━━━ Extracted data ━━━
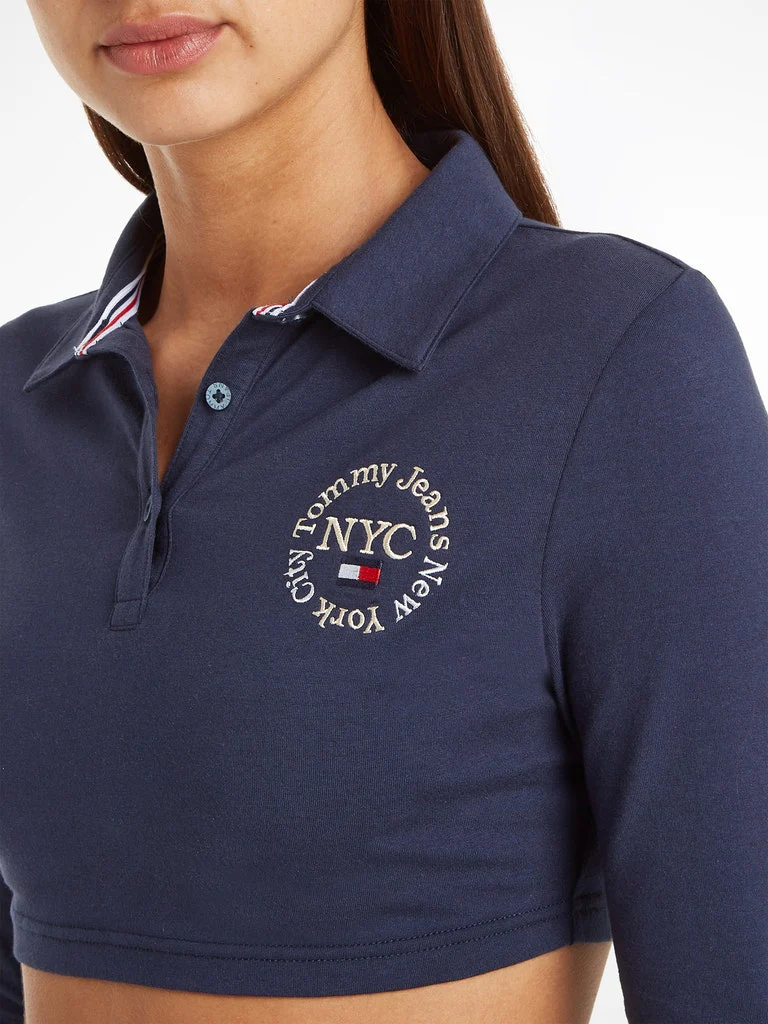 Tommy Hilfiger Jeans - Super Cropped Fit Long Sleeve Polo - Image 4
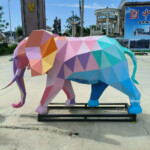 geometric elephant sculpture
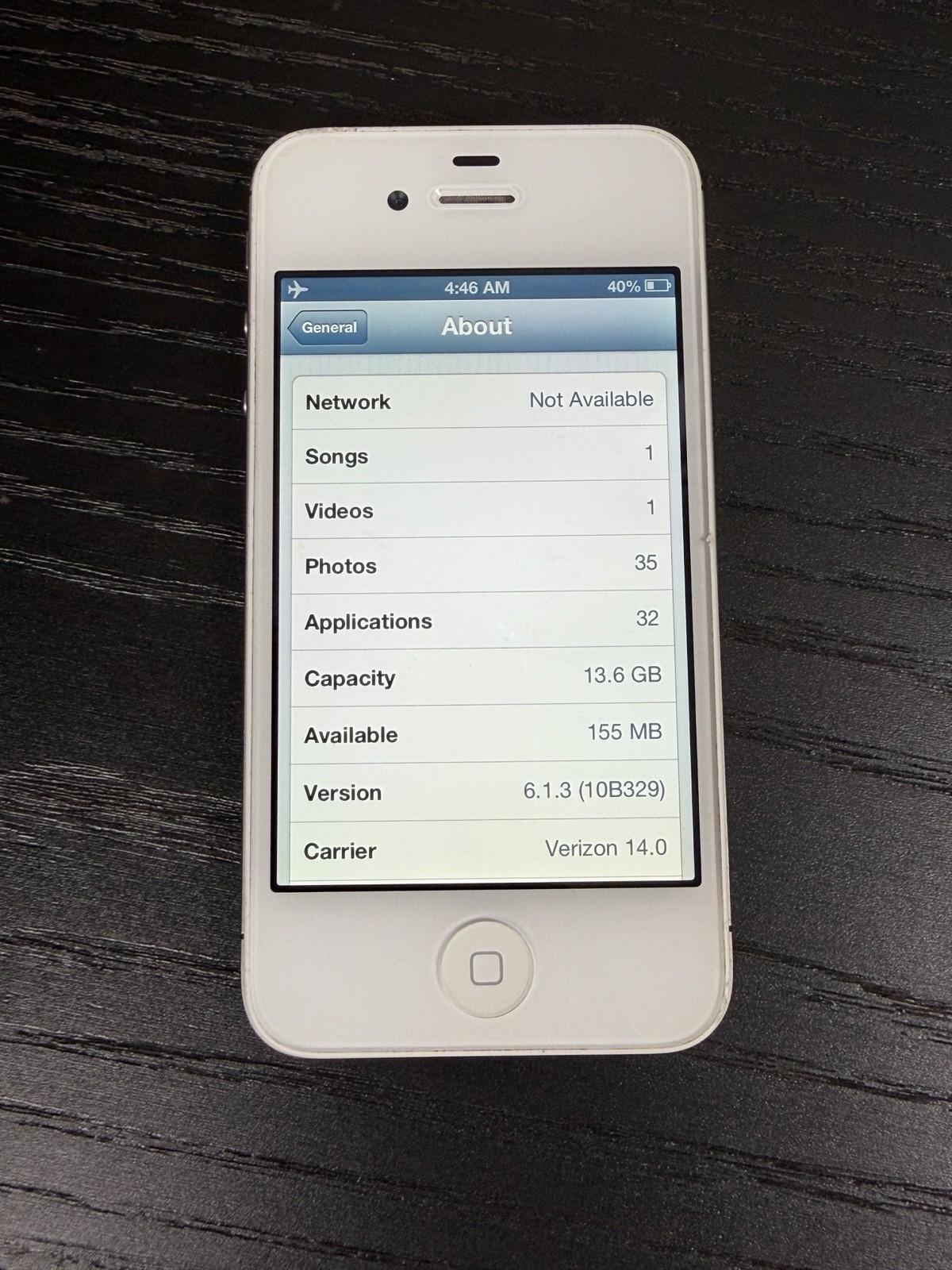 RARE Apple iPhone 4s 16GB White A1387 IOS 6.1.3 Verizon Grade B
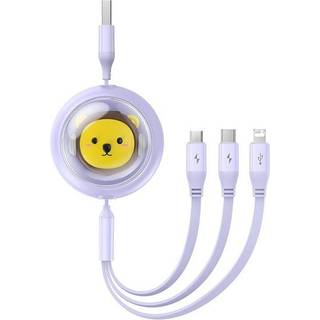 Baseus - Charging Cable 3w1 USB to USB C USB M Lightning 3 5A 1 1m purple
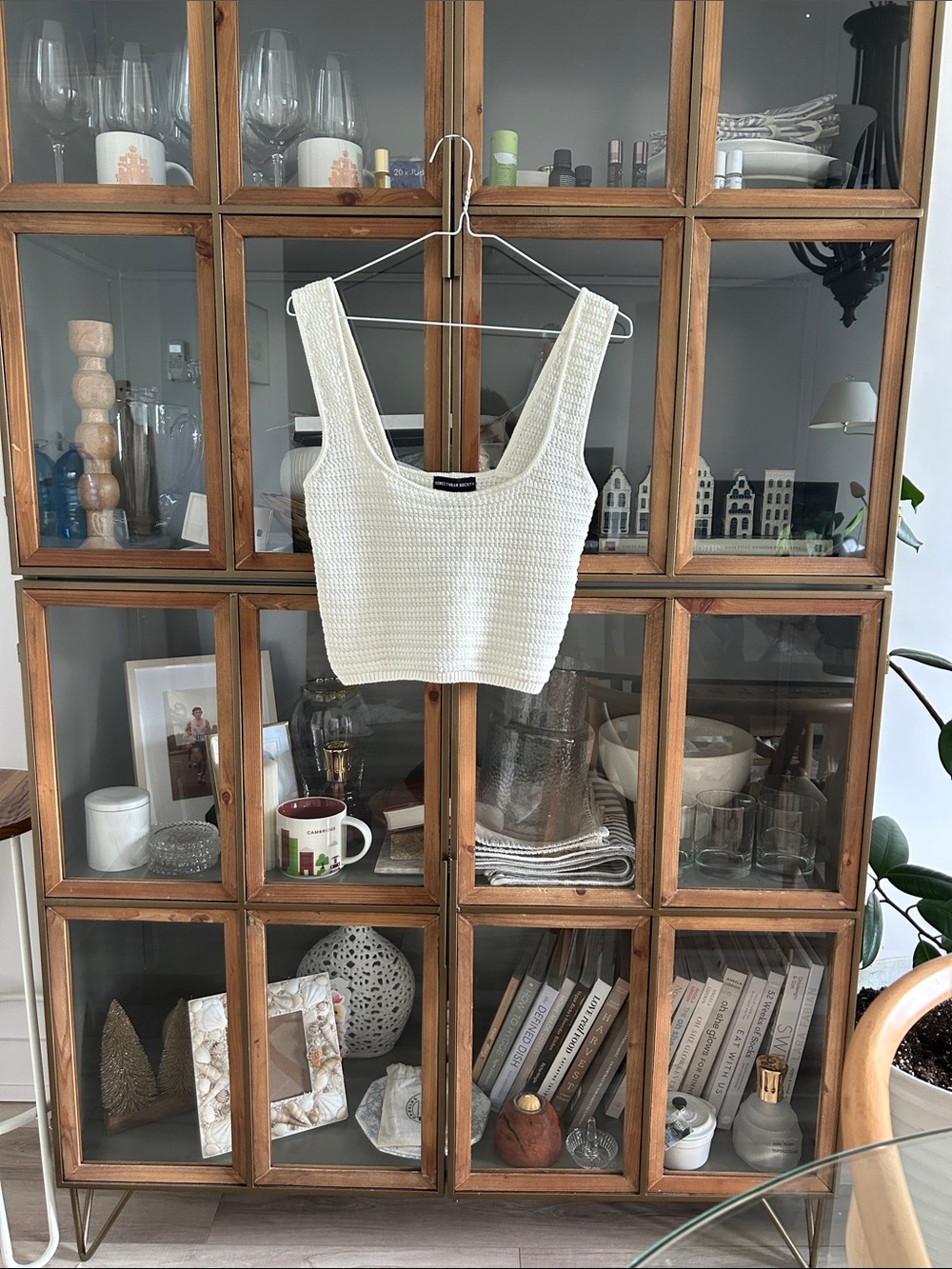 100% Cotton Off-White Knit Cropped Tank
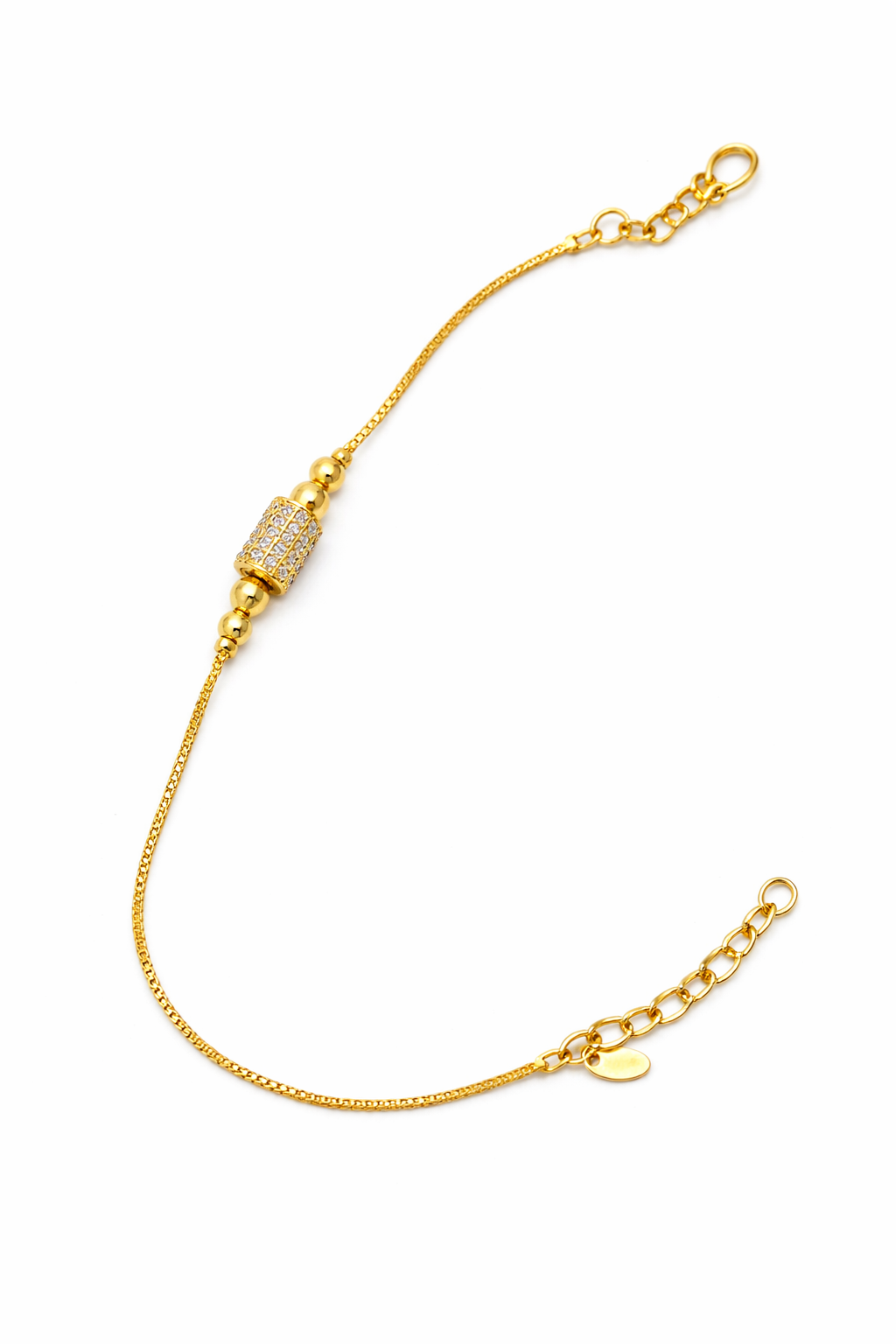 NuGold Plated Crystal Barrel Bracelet for Women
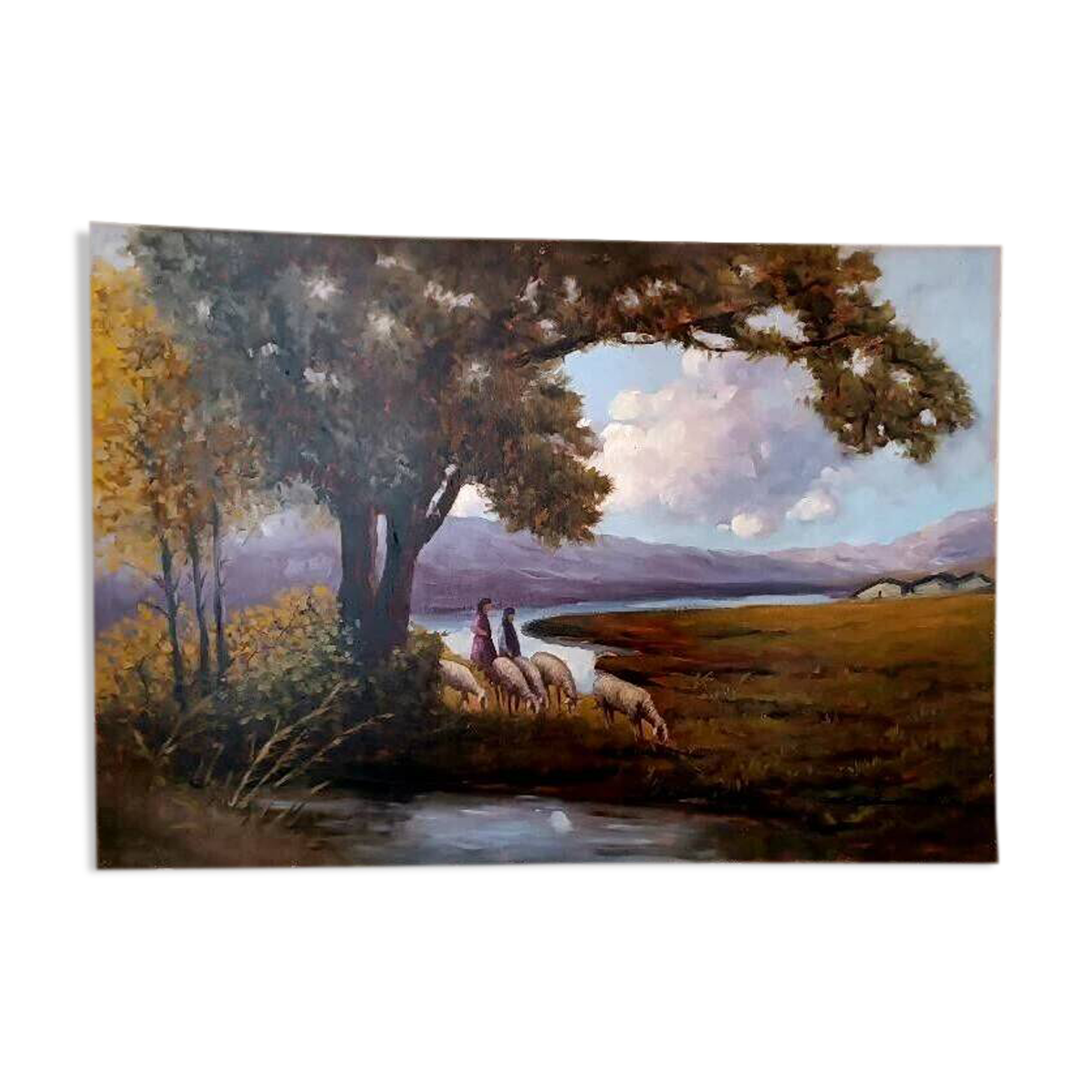 Large dipinto paesaggio firmato longoni anni 30 - 101 x 71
━━━
_Task goal_
These entries are to be printed again word for word, except for the pictures.

_Solution to the problem_
 Tommy Hilfiger Jeans - Super Cropped Fit Long Sleeve Polo - Image 4
 geometric elephant sculpture
 RARE Apple iPhone 4s 16GB White A1387 IOS 6.1.3 Verizon Grade B
 Baseus - Charging Cable 3w1 USB to USB C USB M Lightning 3 5A 1 1m purple
 100% Cotton Off-White Knit Cropped Tank
 NuGold Plated Crystal Barrel Bracelet for Women
 Large dipinto paesaggio firmato longoni anni 30 - 101 x 71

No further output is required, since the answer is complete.